**Records shown:**
__________
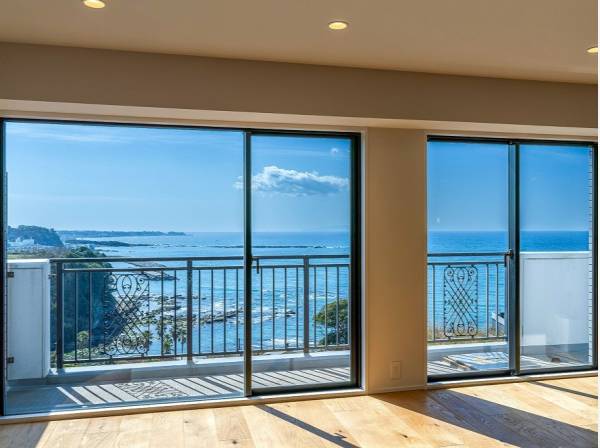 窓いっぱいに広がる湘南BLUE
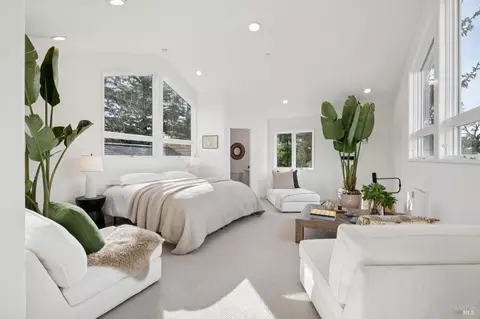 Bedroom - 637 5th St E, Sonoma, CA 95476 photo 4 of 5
__________
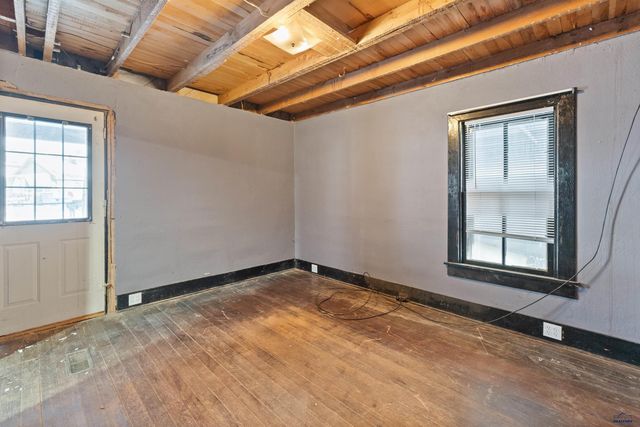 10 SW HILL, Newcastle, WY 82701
__________
**Instructions for the task:**
Above are some entries; copy exactly the lines from the line with "窓いっぱいに広がる湘南BLUE" through the line with "Bedroom - 637", both included, but none of the pictures.

**Result:**
 窓いっぱいに広がる湘南BLUE
 Bedroom - 637 5th St E, Sonoma, CA 95476 photo 4 of 5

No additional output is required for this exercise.